## [Instructions to follow]
Copy out the listing that follows, exactly, without its pictures.

## [Available data]
※
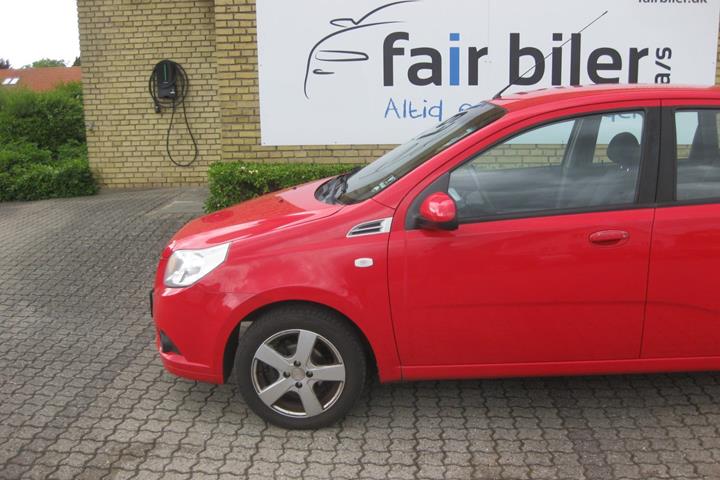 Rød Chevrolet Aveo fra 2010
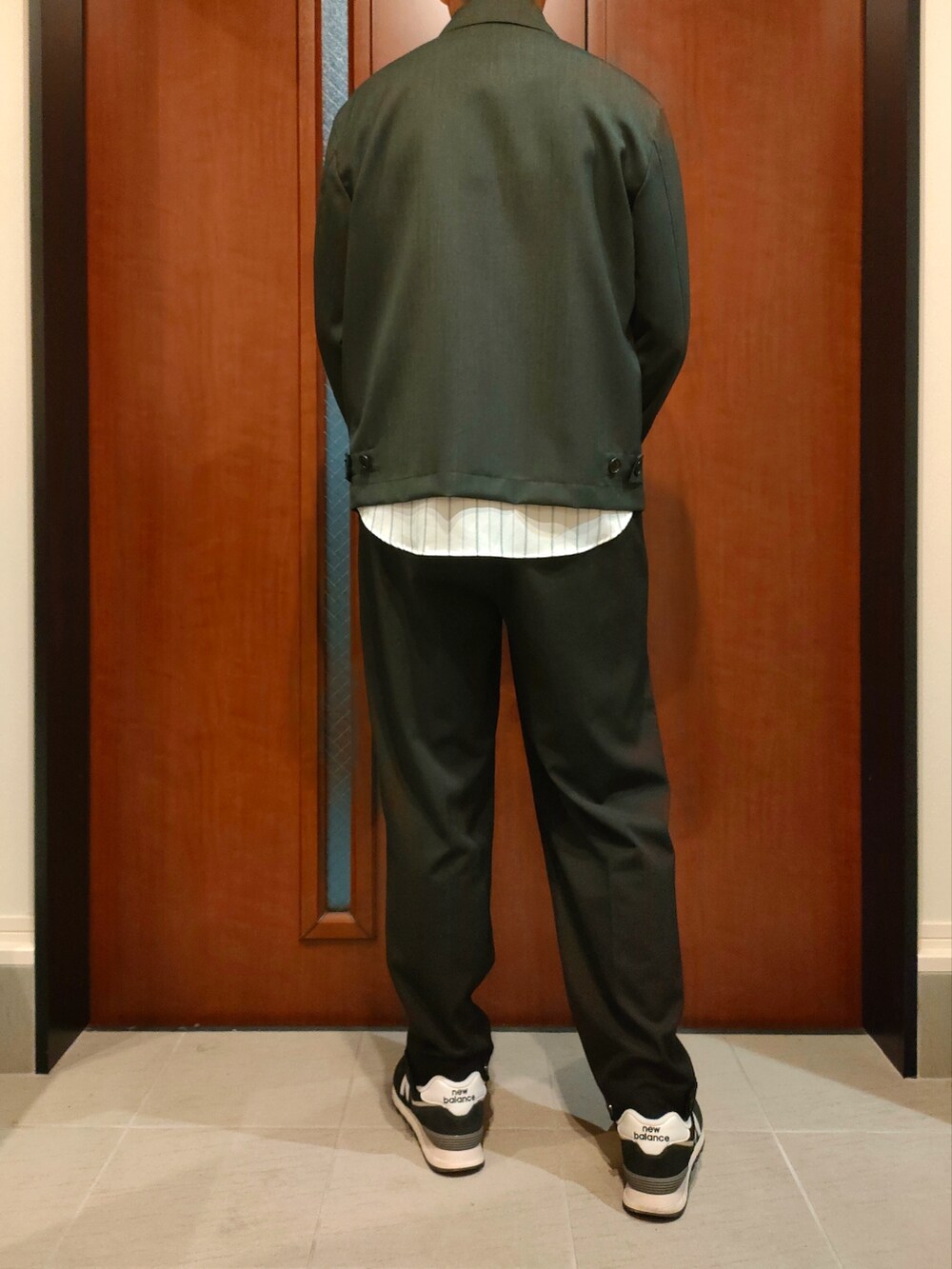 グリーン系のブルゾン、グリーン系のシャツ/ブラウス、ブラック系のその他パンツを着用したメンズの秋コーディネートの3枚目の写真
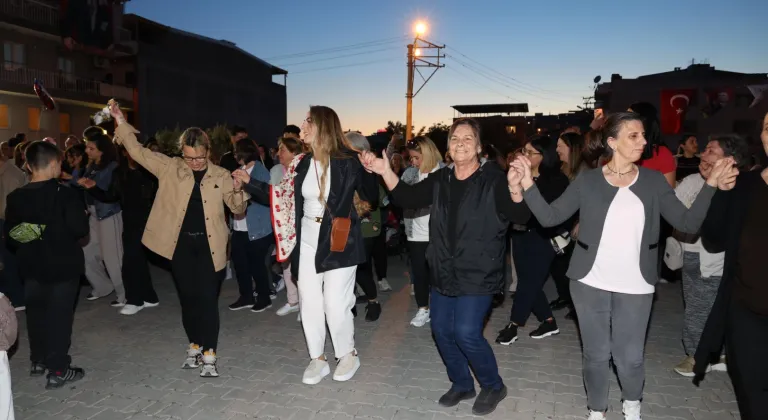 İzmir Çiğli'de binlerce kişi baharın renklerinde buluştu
※
## [Task output]
 Rød Chevrolet Aveo fra 2010
 グリーン系のブルゾン、グリーン系のシャツ/ブラウス、ブラック系のその他パンツを着用したメンズの秋コーディネートの3枚目の写真
 İzmir Çiğli'de binlerce kişi baharın renklerinde buluştu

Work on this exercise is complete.